■ PROVIDED MATERIAL:
###

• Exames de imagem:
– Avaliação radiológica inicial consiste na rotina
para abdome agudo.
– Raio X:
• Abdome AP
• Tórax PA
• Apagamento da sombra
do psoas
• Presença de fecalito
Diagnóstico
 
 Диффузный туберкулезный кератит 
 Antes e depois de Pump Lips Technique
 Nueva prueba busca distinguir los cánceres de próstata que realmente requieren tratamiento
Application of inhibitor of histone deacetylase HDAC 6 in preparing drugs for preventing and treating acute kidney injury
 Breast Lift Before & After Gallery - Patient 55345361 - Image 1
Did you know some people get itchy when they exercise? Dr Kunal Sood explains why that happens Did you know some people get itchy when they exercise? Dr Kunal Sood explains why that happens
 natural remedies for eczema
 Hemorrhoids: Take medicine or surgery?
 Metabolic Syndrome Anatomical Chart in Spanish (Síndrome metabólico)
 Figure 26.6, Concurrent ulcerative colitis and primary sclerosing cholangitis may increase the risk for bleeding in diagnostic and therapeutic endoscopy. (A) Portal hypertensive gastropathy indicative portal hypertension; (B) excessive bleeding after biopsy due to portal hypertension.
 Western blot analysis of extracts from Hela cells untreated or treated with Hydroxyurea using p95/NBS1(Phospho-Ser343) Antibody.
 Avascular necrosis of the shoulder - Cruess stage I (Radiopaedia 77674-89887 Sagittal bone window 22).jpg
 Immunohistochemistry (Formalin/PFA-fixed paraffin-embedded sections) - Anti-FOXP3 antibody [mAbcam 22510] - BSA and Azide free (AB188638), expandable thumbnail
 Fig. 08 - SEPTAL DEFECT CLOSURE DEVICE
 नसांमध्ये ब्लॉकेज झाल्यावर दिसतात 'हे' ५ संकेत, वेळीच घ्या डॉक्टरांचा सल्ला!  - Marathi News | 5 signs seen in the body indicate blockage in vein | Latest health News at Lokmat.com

###

■ WHAT IS BEING ASKED:
Return an exact copy of only the lines from the one with "that happens Did" through the end of the listing above, both included.

■ TASK ANSWER:
Did you know some people get itchy when they exercise? Dr Kunal Sood explains why that happens Did you know some people get itchy when they exercise? Dr Kunal Sood explains why that happens
 natural remedies for eczema
 Hemorrhoids: Take medicine or surgery?
 Metabolic Syndrome Anatomical Chart in Spanish (Síndrome metabólico)
 Figure 26.6, Concurrent ulcerative colitis and primary sclerosing cholangitis may increase the risk for bleeding in diagnostic and therapeutic endoscopy. (A) Portal hypertensive gastropathy indicative portal hypertension; (B) excessive bleeding after biopsy due to portal hypertension.
 Western blot analysis of extracts from Hela cells untreated or treated with Hydroxyurea using p95/NBS1(Phospho-Ser343) Antibody.
 Avascular necrosis of the shoulder - Cruess stage I (Radiopaedia 77674-89887 Sagittal bone window 22).jpg
 Immunohistochemistry (Formalin/PFA-fixed paraffin-embedded sections) - Anti-FOXP3 antibody [mAbcam 22510] - BSA and Azide free (AB188638), expandable thumbnail
 Fig. 08 - SEPTAL DEFECT CLOSURE DEVICE
 नसांमध्ये ब्लॉकेज झाल्यावर दिसतात 'हे' ५ संकेत, वेळीच घ्या डॉक्टरांचा सल्ला!  - Marathi News | 5 signs seen in the body indicate blockage in vein | Latest health News at Lokmat.com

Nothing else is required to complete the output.